Thanks for suggestions Neddy, but it didn't help a bit. 

Now, I figure this could be scheduler problem.  For eyample, I have a task which completes in 5 seconds (like firefox reading its binaries and stuff) when no other task requires hard drive. When another task (like copy) is using hard drive and under asumption the harddisk IO is equally divided between the two tasks, firefox ought to start in twice as much time (plus some overhead), so a bit more that 10 seconds.  Unfortunately, it's not like that. 

I'm using cfq scheduler, which, I believe, redistributes IO equally among tasks. Am I wrong? 

I tried the same case on my freinds gentoo machine. The firefox would start slower, but cca. 2x slower, not 10+x slower as here. The only obvious difference is that I'm using a SATA drive.

Any help would be appreciated. Thanks.

----------

## NeddySeagoon

zehnan1,

Its silly question time - run uname -a

Is the date/time shown the date/time that you compiled your kernel ?

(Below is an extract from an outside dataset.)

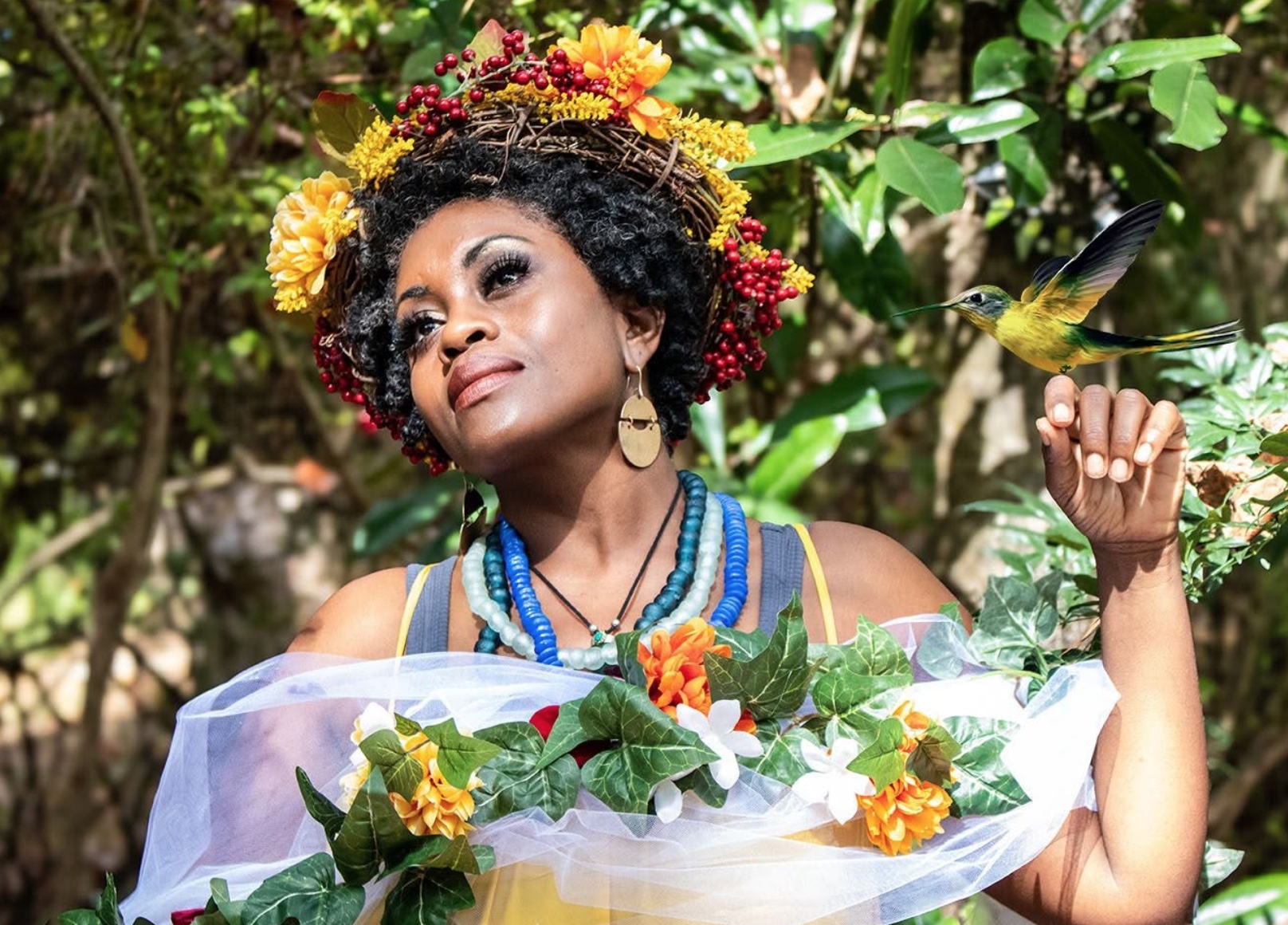 Jayme Alilaw wearing a flower crown, with a hummingbird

I'm using SATA here too.  How much slower it gets when HDD I/O is divided between two tasks depends on how far the disk hread has to move between the two files. I would expect the HDD access time to at least double, plus head movement time. which is 'lost' for reading and writing and thats where most of the time goes.

----------

## drvolk

Hi,

I have no SATA but "normal" IDE drives on my Asus A8R-MVP Board, with an AMD64x2 4200+.

And i have the same problems  :Sad: 

So the problem seems to be not depending on SATA configs etc.

Please let me know, when you solved your problem. I will do it also also, if i could found a solution.

----------

## moesasji

Another me too post as I experience exactly the same problems.

It's driving me nuts as I can't find any solution. 

I'm working on a AMD64 X2 4400Hz, 1GB, 1 SATA drive

(but I think my previous P4-system had similar problems, but not to this extend)

My dstat output looks very similar to that posted by zehnan1. 

Basically very high IO_wait on any program that uses IO-access.

Programs that are worst: rar, par2repair, K3B when it is checking a checksum.

Opening a simple terminal can take a minute under those conditions, which is normally <1s.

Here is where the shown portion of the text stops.